User:The Land/Movement Charter Creation and Ratification Principles
These are a set of principles that can be used to flesh out the process of how the Movement Charter can be created and then ratified by the community. I have found it more productive to think about what will make the process a success, than to worry more about how drafting group members will be selected.
Some further framing thoughts:
- The selection method of the Drafting Group does not really affect the process. Even if we end up with a large group of 50 people elected from all across communities, I do not believe that will make the drafting process any easier - if community members aren't aware, aren't consulted, or don't agree - then ultimately the Charter won't work. Holding elections to the drafting group might *help* but it won't solve the problem.
- If the Charter drafting process is very thorough then there will be a relatively short and simple path from ratifying the Charter to holding the first set of Global Council elections. There won't be any need for a further round of outreach and consultation around the existence of the Global Council.
- These principles don't address the issue of technical tools/platforms. Whichever tools or platforms can best accomplish the goal should be used, and I don't know what those are.
- Some people will ask "Why not draft it using a wiki page which everyone with a view can come and edit?" This is a reasonable question. However 1) most people in the movement do not feel comfortable editing Meta (for one reason or another) and 2) wiki talk pages are not designed to structure the amount of discussion that will need to happen for this process to work.
Participation and engagement
[edit]Principle: The Movement Charter can only succeed if there is a very high level of participation and engagement in the process of creating the charter.

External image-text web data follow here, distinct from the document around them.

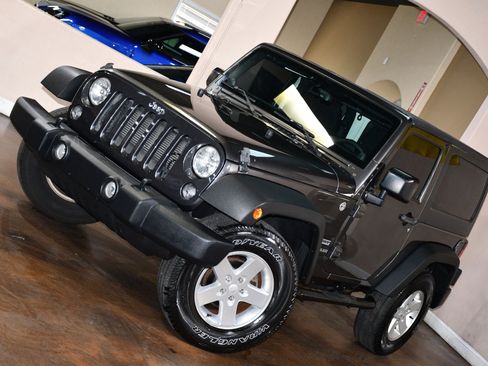 Used 2014 Jeep Wrangler Sport w/ Quick Order Package 24S AWD/4WD image 78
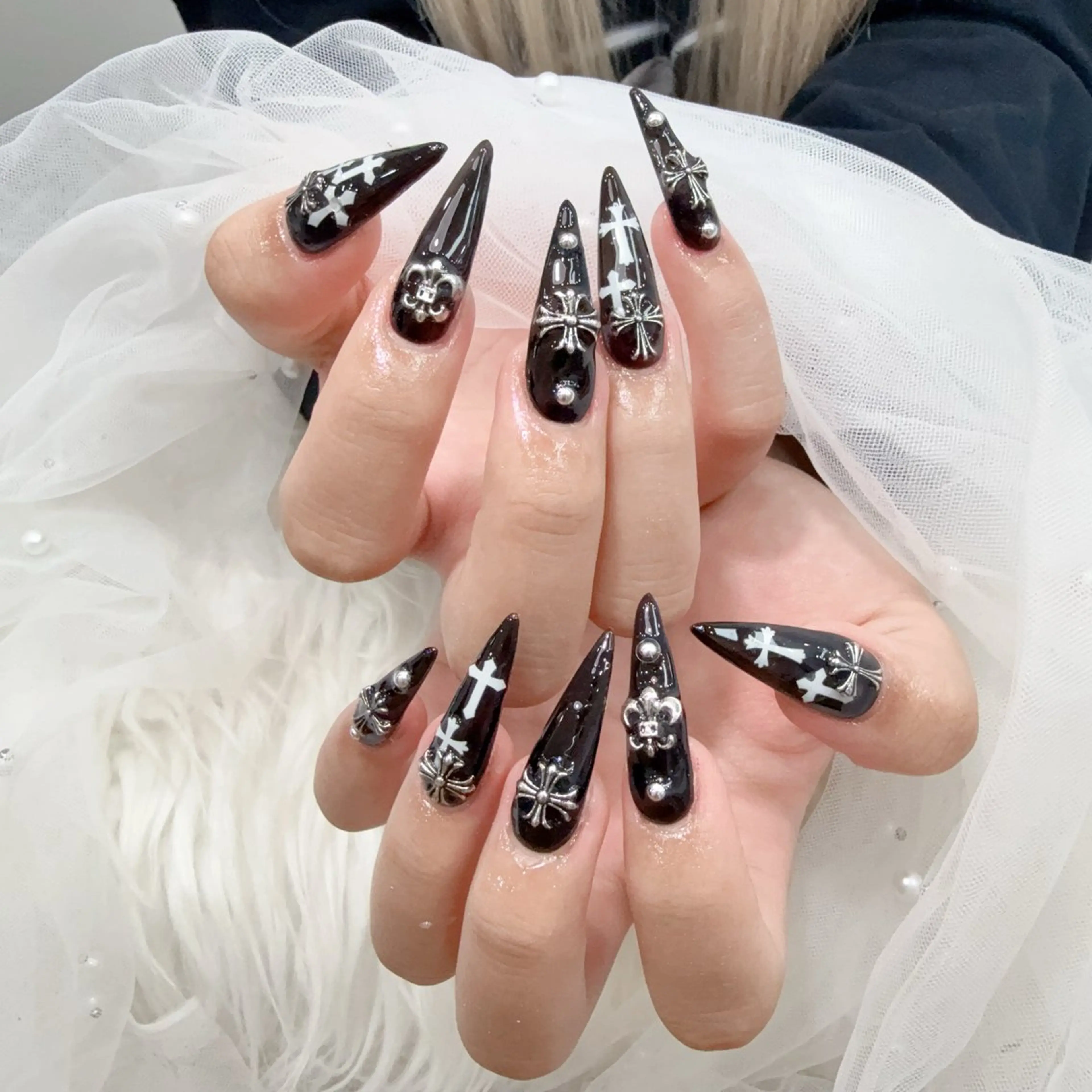 ネイル フットネイル ジェルネイル キラキラネイル マグネットネイル 持ち込み ハンドネイル Diamond  Salon所属・Hain Hainのネイルデザイン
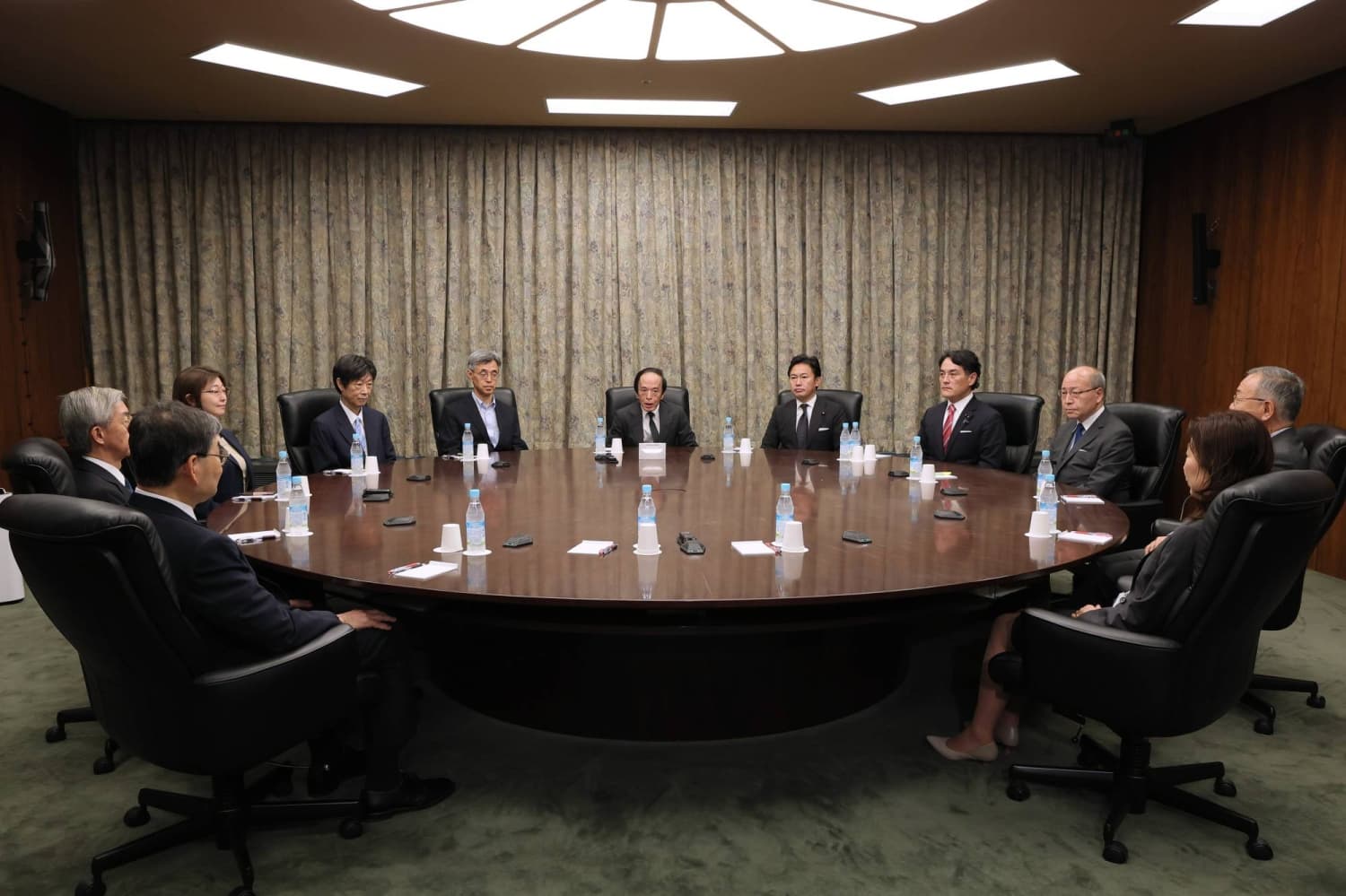 Bank of Japan Holds Interest Rates Steady Amid Yen Intervention Speculation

Details: The development of the Movement Charter will be the most significant change to the Wikimedia movement for decades. But most participants in the Movement have a low level of awareness of this process. The process needs to actively engage people who currently do not know about, or see the relevance of, the Movement Charter conversations. This will include:
- communicating the benefits of the Movement Charter and Global Council to *different audiences* which may require differences of in tone and nuance
- actively engaging communities through multilingual outreach
- ensuring the Charter drafting process is the largest and most multilingual process yet started in the Wikimedia movement. I remember hearing that 800 people were reached in the recent conversations about the Board election process. This needs 1000, maybe 1500, contributors.
Equity and Representation
[edit]Principle: In line with the recommendation to "ensure equity in decision making", the drafting process must ensure all perspectives are heard and actively involved.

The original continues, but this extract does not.